## Provided material
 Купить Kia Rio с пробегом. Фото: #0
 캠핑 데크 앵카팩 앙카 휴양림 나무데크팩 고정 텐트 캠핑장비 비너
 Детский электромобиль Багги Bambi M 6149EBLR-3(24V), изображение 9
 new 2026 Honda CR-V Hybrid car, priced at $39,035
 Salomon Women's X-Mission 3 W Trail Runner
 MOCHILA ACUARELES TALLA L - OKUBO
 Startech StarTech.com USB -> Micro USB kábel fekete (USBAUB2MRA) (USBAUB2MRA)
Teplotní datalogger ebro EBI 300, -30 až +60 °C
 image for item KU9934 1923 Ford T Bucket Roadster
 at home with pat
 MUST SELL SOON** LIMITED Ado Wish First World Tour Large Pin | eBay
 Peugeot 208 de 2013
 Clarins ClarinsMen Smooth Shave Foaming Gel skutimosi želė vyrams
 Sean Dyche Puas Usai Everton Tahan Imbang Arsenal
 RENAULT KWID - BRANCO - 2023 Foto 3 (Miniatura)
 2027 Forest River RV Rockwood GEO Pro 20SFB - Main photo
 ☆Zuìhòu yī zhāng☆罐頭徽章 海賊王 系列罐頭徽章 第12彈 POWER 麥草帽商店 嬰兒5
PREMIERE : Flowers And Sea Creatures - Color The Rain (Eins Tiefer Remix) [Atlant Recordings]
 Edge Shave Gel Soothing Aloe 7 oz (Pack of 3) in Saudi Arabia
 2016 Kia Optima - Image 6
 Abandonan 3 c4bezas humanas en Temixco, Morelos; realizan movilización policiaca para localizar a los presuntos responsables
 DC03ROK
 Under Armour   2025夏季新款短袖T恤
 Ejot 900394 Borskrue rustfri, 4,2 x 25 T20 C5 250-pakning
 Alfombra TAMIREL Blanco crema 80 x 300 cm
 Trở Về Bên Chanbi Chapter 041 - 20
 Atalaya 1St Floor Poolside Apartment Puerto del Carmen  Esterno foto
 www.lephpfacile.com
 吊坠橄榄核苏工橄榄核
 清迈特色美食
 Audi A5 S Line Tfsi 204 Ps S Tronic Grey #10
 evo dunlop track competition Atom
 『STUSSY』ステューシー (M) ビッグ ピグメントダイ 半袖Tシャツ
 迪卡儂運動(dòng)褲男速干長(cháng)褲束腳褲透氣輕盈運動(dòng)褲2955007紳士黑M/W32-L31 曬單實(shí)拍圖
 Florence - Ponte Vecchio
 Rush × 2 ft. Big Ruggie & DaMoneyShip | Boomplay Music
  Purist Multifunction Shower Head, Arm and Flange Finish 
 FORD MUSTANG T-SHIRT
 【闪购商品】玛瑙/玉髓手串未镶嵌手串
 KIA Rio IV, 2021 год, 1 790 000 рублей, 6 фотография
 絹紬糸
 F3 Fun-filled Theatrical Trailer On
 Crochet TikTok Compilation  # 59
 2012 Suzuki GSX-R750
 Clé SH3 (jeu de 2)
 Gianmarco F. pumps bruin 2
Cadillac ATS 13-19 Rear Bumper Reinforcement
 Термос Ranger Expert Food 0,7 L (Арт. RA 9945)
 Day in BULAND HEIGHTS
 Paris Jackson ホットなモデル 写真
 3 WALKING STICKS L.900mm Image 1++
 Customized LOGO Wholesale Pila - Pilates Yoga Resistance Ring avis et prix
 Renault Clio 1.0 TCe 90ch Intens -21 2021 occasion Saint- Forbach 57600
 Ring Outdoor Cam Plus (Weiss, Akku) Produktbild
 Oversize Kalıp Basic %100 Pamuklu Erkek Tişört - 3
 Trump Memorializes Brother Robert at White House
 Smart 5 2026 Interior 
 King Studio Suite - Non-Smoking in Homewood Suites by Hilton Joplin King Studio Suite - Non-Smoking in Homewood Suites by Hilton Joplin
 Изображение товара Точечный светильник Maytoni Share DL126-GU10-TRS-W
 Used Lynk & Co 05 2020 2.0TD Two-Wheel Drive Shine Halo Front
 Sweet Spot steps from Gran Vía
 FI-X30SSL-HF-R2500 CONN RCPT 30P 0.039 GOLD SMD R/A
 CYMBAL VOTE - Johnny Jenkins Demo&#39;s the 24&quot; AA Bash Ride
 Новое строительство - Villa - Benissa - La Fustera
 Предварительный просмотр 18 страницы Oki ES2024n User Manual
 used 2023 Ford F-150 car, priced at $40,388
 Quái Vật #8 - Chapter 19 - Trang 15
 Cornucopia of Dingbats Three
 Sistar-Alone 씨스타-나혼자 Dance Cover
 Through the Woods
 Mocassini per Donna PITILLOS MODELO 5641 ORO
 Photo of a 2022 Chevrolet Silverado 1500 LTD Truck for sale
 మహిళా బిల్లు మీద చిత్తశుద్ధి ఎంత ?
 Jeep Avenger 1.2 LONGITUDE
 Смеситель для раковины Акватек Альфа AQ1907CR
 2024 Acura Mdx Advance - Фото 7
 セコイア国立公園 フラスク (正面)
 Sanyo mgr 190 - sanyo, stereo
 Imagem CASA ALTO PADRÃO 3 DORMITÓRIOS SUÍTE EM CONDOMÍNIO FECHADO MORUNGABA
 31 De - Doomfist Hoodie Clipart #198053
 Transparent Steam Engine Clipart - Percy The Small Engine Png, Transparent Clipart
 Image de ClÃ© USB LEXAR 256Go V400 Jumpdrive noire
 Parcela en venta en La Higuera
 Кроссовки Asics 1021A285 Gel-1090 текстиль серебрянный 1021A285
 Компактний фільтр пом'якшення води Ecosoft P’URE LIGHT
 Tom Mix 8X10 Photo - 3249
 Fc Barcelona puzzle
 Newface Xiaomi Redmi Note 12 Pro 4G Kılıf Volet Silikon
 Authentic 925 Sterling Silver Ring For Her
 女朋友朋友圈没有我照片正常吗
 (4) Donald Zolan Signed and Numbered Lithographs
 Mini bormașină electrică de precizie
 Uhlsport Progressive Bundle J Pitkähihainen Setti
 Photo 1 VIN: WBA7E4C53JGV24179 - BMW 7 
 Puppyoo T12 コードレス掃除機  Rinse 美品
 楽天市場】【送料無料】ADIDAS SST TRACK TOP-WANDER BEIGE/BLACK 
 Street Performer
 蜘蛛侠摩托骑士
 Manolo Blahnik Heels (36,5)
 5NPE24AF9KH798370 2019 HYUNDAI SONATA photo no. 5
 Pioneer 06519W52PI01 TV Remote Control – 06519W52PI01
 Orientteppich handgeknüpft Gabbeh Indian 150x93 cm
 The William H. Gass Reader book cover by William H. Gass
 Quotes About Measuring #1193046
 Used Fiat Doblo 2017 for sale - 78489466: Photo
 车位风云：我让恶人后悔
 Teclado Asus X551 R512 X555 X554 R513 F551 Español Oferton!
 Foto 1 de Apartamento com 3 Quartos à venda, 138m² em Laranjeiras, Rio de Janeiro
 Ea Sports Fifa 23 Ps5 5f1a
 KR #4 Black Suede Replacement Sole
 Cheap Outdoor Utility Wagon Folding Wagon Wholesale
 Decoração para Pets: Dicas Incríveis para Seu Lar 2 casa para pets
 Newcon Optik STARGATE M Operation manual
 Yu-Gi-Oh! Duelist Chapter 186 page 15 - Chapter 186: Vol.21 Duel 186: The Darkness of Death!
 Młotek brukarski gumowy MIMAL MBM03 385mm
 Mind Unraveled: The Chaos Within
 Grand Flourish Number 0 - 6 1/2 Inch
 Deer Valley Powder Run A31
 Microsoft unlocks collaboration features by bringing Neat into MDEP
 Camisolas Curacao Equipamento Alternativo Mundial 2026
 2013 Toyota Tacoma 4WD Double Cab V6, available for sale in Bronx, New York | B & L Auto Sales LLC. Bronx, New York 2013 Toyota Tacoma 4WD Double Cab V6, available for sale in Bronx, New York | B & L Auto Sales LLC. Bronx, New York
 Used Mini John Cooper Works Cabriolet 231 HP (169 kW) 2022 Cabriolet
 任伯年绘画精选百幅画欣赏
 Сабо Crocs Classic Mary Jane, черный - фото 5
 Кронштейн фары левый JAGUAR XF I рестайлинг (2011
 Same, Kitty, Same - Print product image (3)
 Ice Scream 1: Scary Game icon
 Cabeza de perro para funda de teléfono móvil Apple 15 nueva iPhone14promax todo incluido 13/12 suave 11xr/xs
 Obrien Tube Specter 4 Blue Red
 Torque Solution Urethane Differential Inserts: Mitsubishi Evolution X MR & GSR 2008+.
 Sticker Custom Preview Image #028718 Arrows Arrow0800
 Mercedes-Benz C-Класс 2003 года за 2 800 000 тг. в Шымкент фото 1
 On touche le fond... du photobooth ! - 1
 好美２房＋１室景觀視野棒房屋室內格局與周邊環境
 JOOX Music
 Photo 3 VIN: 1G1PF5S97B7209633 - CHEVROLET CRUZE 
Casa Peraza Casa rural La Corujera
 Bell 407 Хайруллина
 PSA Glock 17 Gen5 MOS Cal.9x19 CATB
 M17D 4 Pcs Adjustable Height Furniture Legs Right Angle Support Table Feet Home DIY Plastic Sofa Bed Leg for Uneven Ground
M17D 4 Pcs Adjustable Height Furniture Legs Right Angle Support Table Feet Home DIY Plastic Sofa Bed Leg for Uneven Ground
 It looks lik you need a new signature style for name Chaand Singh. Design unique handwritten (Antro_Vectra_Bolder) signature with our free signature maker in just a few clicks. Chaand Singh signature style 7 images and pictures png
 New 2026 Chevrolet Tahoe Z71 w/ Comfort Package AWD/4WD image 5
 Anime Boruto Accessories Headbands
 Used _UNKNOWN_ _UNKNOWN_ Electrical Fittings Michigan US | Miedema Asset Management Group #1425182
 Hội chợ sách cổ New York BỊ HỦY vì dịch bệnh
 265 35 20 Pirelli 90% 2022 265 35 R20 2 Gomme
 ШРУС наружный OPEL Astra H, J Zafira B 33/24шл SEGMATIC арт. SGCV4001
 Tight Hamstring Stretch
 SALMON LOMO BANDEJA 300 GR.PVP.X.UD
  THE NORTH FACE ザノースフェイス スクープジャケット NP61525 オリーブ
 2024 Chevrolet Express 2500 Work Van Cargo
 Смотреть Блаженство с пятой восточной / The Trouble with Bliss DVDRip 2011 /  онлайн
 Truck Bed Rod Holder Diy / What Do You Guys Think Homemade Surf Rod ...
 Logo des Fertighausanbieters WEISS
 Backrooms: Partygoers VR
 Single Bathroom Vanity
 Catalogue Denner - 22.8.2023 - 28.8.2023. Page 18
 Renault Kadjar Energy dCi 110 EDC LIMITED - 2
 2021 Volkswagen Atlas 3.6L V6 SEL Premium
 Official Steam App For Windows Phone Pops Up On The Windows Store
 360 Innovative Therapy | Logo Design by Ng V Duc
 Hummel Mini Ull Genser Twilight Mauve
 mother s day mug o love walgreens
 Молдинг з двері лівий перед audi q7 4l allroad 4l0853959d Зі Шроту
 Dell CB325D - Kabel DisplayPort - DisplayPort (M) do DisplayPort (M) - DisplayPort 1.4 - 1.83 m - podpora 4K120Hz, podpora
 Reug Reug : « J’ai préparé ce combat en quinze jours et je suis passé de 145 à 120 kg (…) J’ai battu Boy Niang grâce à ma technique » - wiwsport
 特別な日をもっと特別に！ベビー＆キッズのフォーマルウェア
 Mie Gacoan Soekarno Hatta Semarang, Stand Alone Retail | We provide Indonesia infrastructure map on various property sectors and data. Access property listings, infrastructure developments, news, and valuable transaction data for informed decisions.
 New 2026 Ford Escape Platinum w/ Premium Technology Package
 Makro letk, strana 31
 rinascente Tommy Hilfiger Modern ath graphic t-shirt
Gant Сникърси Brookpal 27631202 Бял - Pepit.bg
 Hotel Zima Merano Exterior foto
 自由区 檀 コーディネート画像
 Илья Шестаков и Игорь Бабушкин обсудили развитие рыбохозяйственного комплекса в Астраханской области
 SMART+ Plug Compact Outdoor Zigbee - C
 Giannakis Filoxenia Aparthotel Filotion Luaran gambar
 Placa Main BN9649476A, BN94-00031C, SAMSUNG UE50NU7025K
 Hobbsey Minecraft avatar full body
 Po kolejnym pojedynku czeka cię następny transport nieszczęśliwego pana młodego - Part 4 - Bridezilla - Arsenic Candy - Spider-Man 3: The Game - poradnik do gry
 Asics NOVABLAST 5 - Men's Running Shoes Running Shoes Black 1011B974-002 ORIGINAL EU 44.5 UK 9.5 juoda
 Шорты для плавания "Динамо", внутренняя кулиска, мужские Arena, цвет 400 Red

## Exercise prompt
Up to and including the line with "Peugeot 208 de 2013", output each line of the entries above exactly, starting from the first.

## Answer space
 Купить Kia Rio с пробегом. Фото: #0
 캠핑 데크 앵카팩 앙카 휴양림 나무데크팩 고정 텐트 캠핑장비 비너
 Детский электромобиль Багги Bambi M 6149EBLR-3(24V), изображение 9
 new 2026 Honda CR-V Hybrid car, priced at $39,035
 Salomon Women's X-Mission 3 W Trail Runner
 MOCHILA ACUARELES TALLA L - OKUBO
 Startech StarTech.com USB -> Micro USB kábel fekete (USBAUB2MRA) (USBAUB2MRA)
Teplotní datalogger ebro EBI 300, -30 až +60 °C
 image for item KU9934 1923 Ford T Bucket Roadster
 at home with pat
 MUST SELL SOON** LIMITED Ado Wish First World Tour Large Pin | eBay
 Peugeot 208 de 2013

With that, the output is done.